From Hadoop The Definitive Guide 2nd

A MapReduce job is a unit of work that the client wants to be performed: it consists of the input data, the MapReduce program, and configuration information. Hadoop runs the job by dividing it into tasks, of which there are two types: map tasks and reduce tasks.

There are two types of nodes that control the job execution process: a jobtracker and a number of tasktrackers. The jobtracker coordinates all the jobs run on the system by
scheduling  tasks  to  run  on  tasktrackers.  Tasktrackers  run  tasks  and  send  progress reports to the jobtracker, which keeps a record of the overall progress of each job. If a
task fails, the jobtracker can reschedule it on a different tasktracker.

Hadoop split input into small fix-size pieces called input splits, and create one map task for each input split.  Thus processing the splits in parallel.

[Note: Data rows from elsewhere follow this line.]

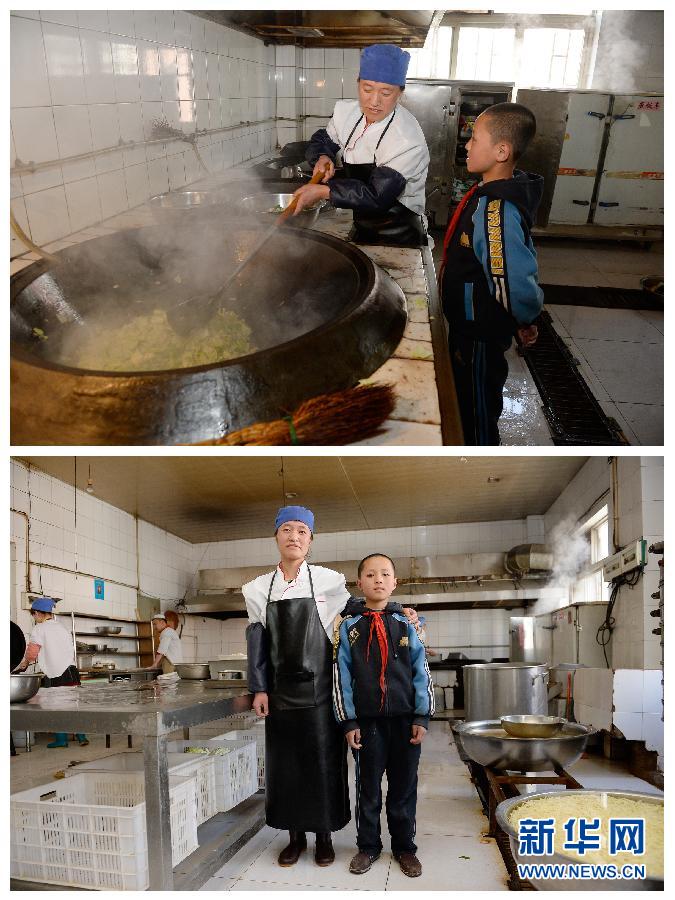 那些年，感動(dòng)過(guò)我們的母親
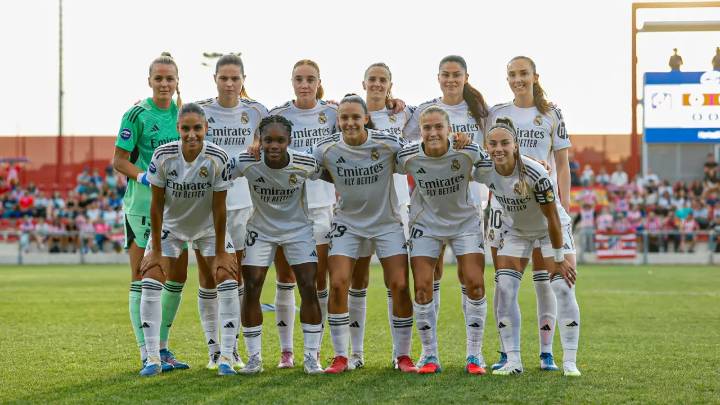 Linda Caicedo y Real Madrid femenino inician su camino para estar en fase principal de Champions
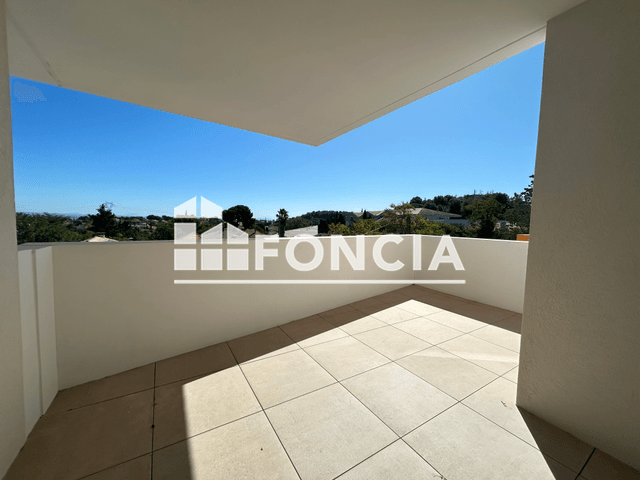 Appartement 2 pièces (41.25 m²) à louer - Istres (13800)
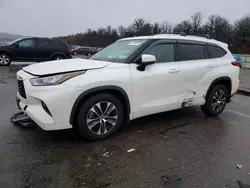 Toyota salvage cars for sale: 2020 Toyota Highlander XLE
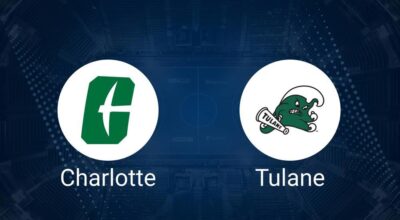 How to Watch Charlotte vs. Tulane Women's Basketball on TV or Live Stream - January 4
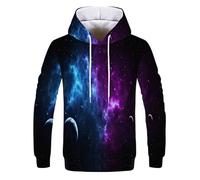 AIHERQG 3D Printed Neon Green Hoodies Cool Designs y2k Hoodie for Men Harajuku Fashion Women Clothing Streetwear Hooded Hoody Sweatshirt(20,4XL)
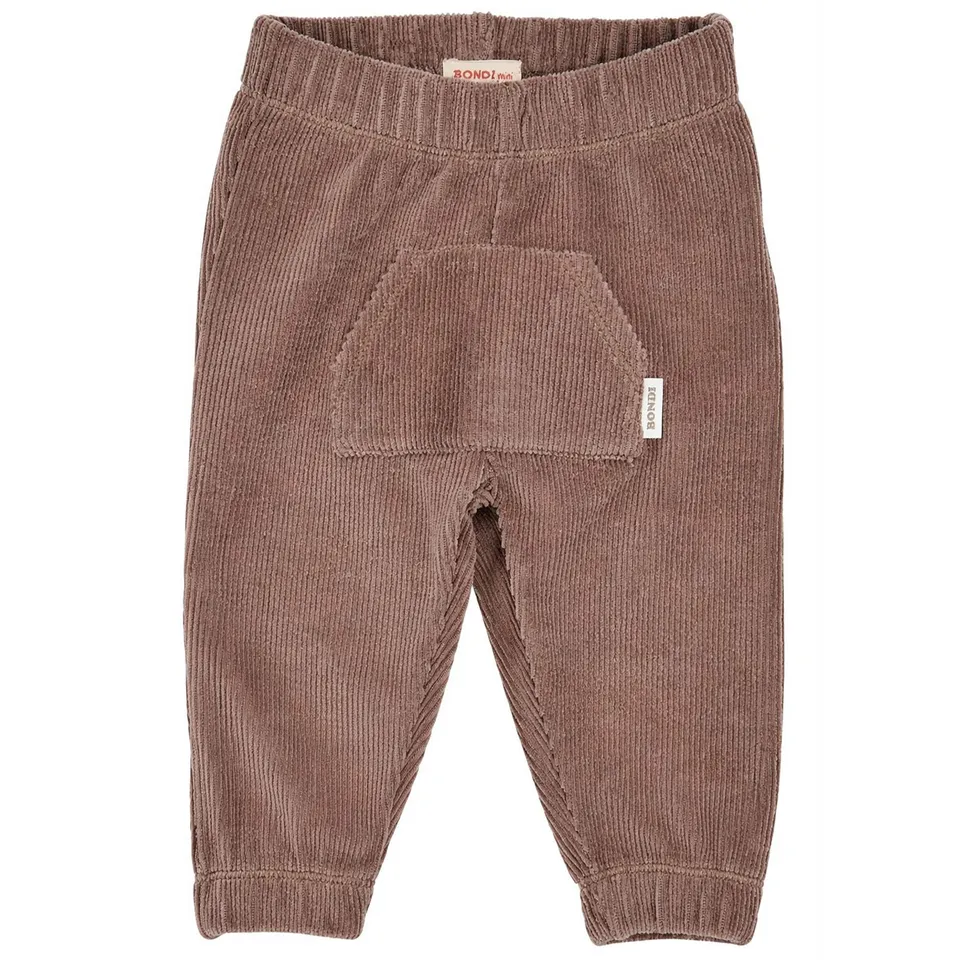 trachtenland-bondi-baby-jungen-cord-laufhose-hello-little-one-94017-schoko image 1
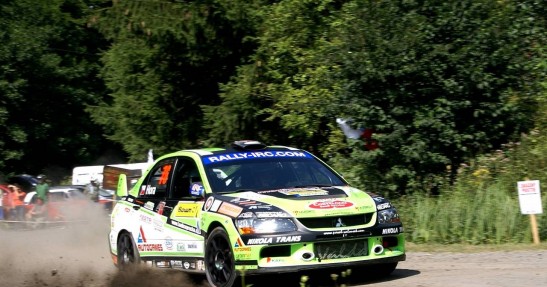 Rajd Barum 2009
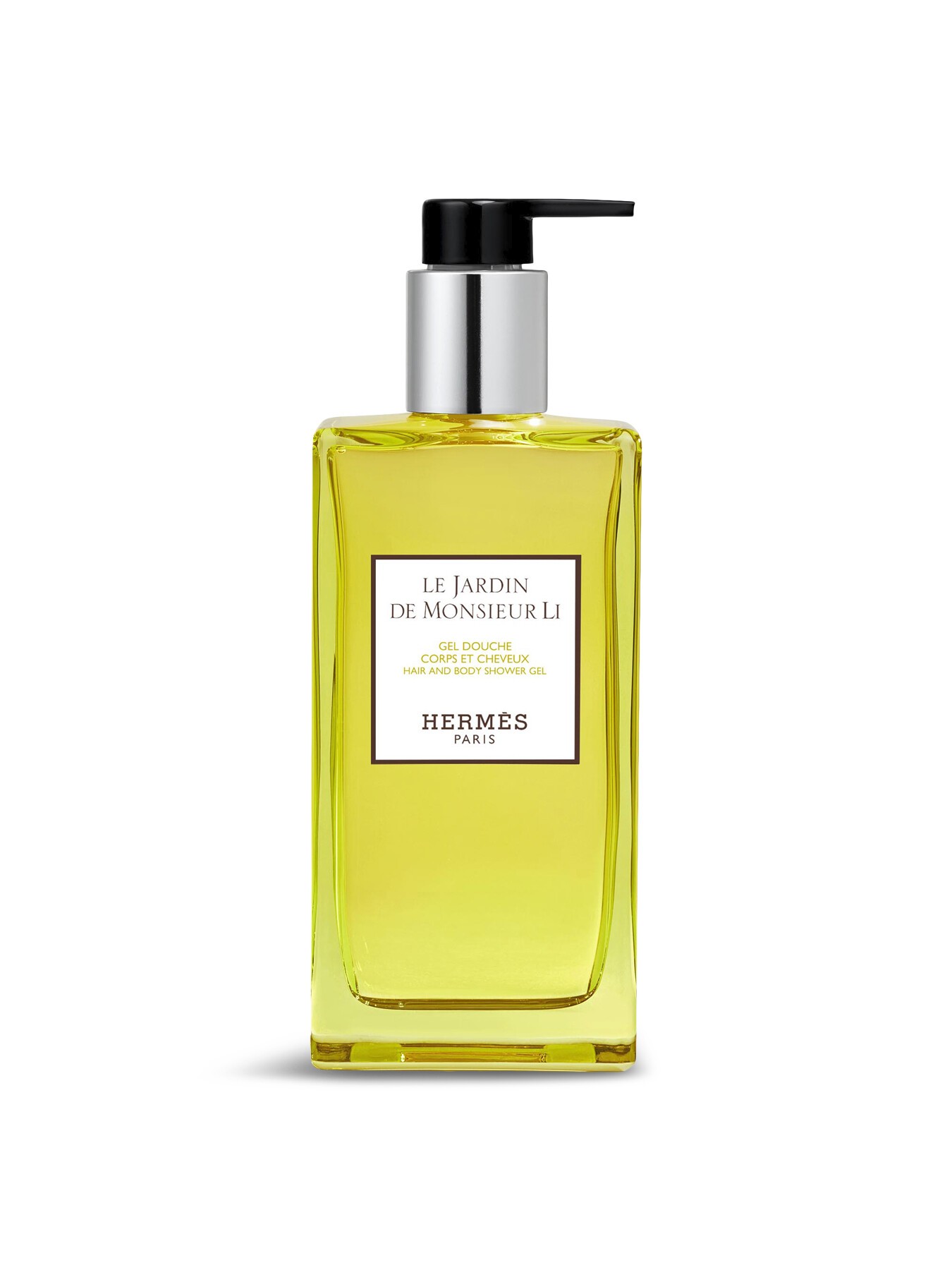 Hermès HERMÈS Le Bain Le Jardin De Monsieur Li Shower Gel for Body and Hair Unisex 200 Ml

Hadoop does its best to run the map task on a node where the input data resides in HDFS. This is called the data locality optimization. To avoid to transfer the blocks across the network to the node running the map task to save bandwidth.


Map tasks write their output to the local disk, not to HDFS.


Reduce tasks don’t have the advantage of data locality—the input to a single reduce task is normally the output from all mappers.

The map task outputs have to be transferred across the network to the node where the reduce task is running, where they are merged and then passed to the user-defined reduce function

The output of the reduce is normally stored in HDFS for reliability. Each HDFS block of the reduce output, the first replica is stored on the local node, with other replicas being stored on off-rack nodes. Thus, writing the reduce output does consume  network  bandwidth,  but  only  as  much  as  a  normal  HDFS  write  pipeline consumes.


The numbers of reduce task can be specified independently.

When there are multiple reducers, the map tasks partition their output, each creating one partition for each reduce task. There can be many keys (and their associated values)
in each partition, but the records for any given key are all in a single partition. The partitioning can be controlled by a user-defined partitioning function, but normally the
default partitioner—which buckets keys using a hash function—works very well.